MODERN PURE TECHNOLOGY

The massive flowering of invention of the modern era poses for the connoisseur of pure technology the challenge of identifying unambiguous examples of the genre. This is surprisingly difficult. On the face of it, practically every invention made since about 1800 was immediately applied.

But this may not mean that pure technology ceased to exist—only that it was rapidly overtaken by applications. Many of Hero's inventions were never applied at all—the concept of research-based technology scarcely existed in his society. Leonardo da Vinci's beautiful mechanical concepts took centuries to reach fruition (I cannot claim him as a pure technologist because he was essentially a theoretician rather than a practical inventor); Montgolfier's remained pure long enough to recognize as such.
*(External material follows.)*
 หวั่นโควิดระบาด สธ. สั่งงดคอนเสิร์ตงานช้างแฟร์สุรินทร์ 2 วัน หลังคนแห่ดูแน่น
But the genius of a technological age lies not in scientific advance or creative imagination, but in seeking applications, in consciously and persistently asking the question, "How can I exploit this?"

Just how automatic and comprehensive this technique of progress has become, with each new piece being fitted into the growing jigsaw puzzle as soon as the development of neighboring fields permits, may be judged by trying to think of inventions in the mainstream of technology which might have been made much before they actually were. (After some cogitation, I can list only seven: gas-phase chromatography, the hovercraft, the standardized goods-container, prestressed concrete, the disc brake, casein glue, and DDT-based insecticides. Perhaps readers can add to—or subtract from—the list?) The great majority of inventions appear just as soon as they become feasible.
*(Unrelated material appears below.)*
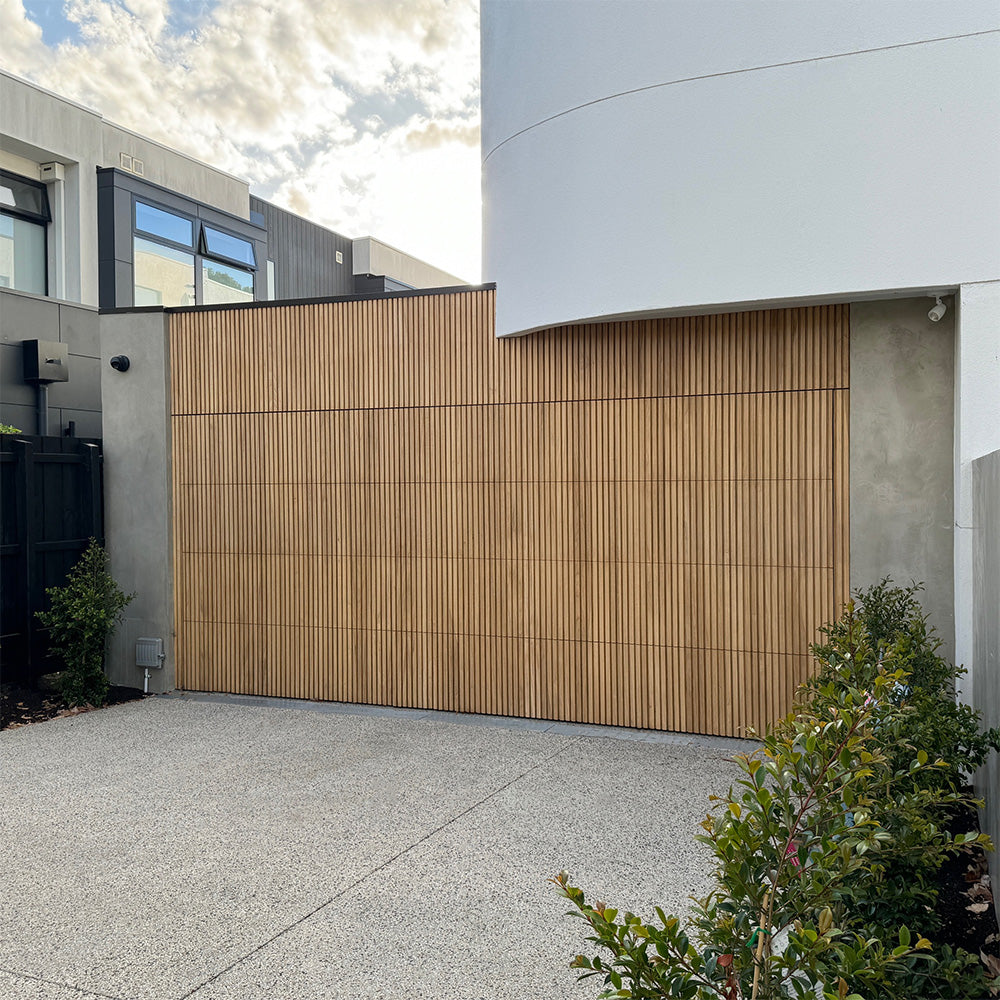 Premium Solid Oak Wood Slats for Wall & Ceiling Cladding - 2700mm x 545mm - Perfect for Pool Fences, Outdoor Decks & Indoor Feature Walls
The clue to discovering pure technology*-things made for the sake of making them-in this relentless advance, is to identify developments which. although they occupy obvious and clearly tillable gaps in the jigsaw, are simply unnecessary: gaps which are not worth filling on any rational basis. This test works best on fairly new inventions, before the patina of age and seeming inevitability has settled on them.
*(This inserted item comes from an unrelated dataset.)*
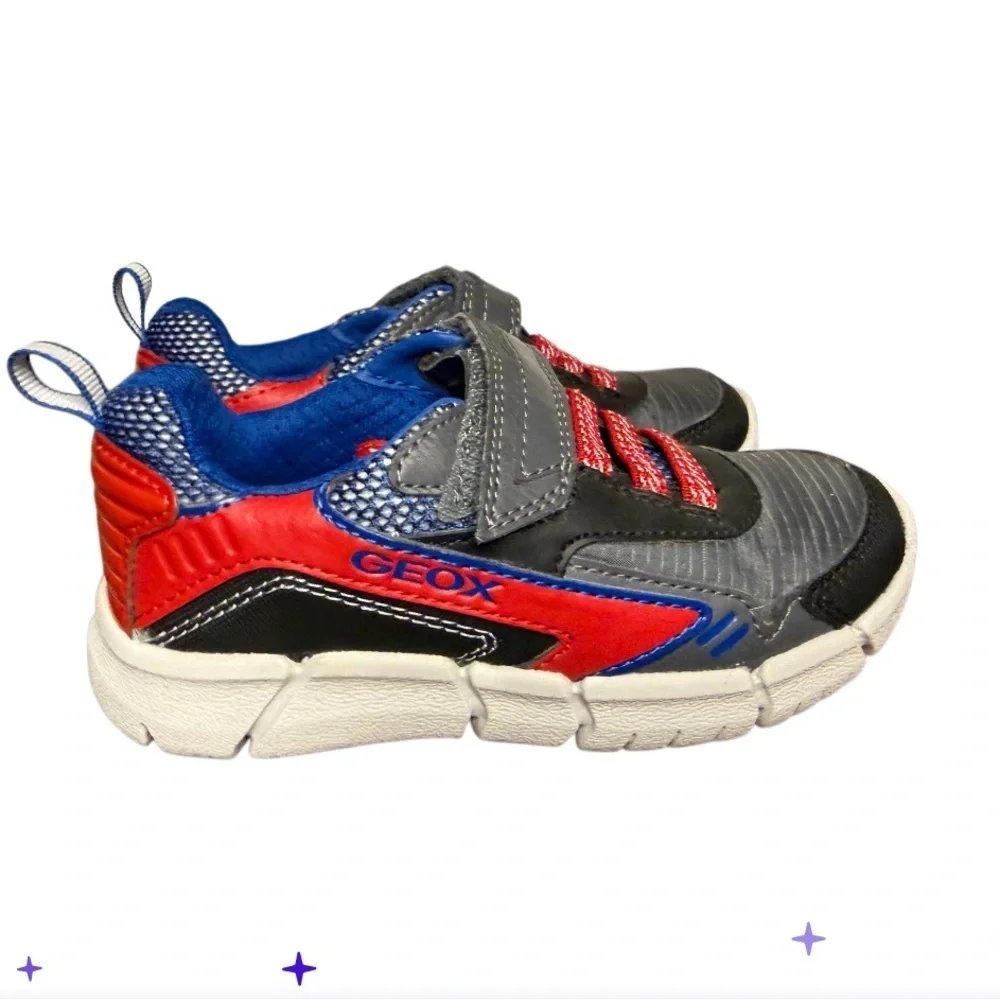 Geox Flexyper Kids' Sneakers in Gray, Red, and Blue-NWOT Size 10.5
A prime example is the SST [Supersonic Transport], an indubitable masterpiece of thinly disguised pure technology. I need not detail here the ample demonstrations which have been given of the pointlessness and social drawbacks of this project. But given a journey of, say, seven hours at an average of 10 mph and another six at 600 mph (a fair profile of a typical transatlantic air excursion) the expenditure of millions of dollars to clip a few hours off the high-speed section seems misguided to say the least, even assuming it is worth shortening the time at all in view of the increased disruption of circadian rhythms. Balancing this insignificant gain and the tiny minority who gain it against the solid debit in expense and noise pollution inflicted on the majority, we cansee how unexpectedly powerful is the drive to pure technology in our supposedly cost-conscious society-for the only really compelling reason for building the SST (and of course its rival the Concorde) is the sheer entertainment of overcoming all the technical problems and finally flying such a thrilling machine!

MORE EXAMPLES

The same motivation applies in a practically overt manner to the space rocket. The big rocket is the twentieth-century pure-technological achievement par excellence, but all its pioneers—Oberth, Goddard, von Braun—saw it not as an end in itself but as a means toward the larger pure-technological goal of space flight. Even when the first successful V-2 ballistic rocket was fired in 1942, officially part of German war research, von Braun exclaimed jubilantly that the only trouble was that it landed on the wrong planet!

Again, no scientific or technical considerations can justify on economic grounds the billions of dollars invested in the space program. Even the solid military interest in rocketry and radar and long-distance communication would have been far better served at a fraction of the cost by normal research and development. Yet the splendor of setting foot on our satellite, the sheer poetry of sending our creations out to scan other worlds and report back what they see-these represent pure technology at its best. It seems almost carping and small-souled to query whether the money might not have been better spent on more urgent terrestrial matters.

A quite different instance of modern pure technology, this time not quite rapidly enough overtaken by events to obscure its real appeal, is the laser. The appearance of the first practical prototype in 1960 created such interest that, in the words of the New York Times, "almost every corporation and every self-respecting university in the nation obtained a laser of some sort." The appeal of the new device was so widespread, and yet actual commercial applications so elusive, that the laser rapidly acquired the reputation of a solution in search of a problem. In particular, the millions of dollars disbursed by the military to explore its potential as a destructive weapon had so little result that one cynic exclaimed in disgust that the most offensive use you could make of a laser was to hit someone over the head with it.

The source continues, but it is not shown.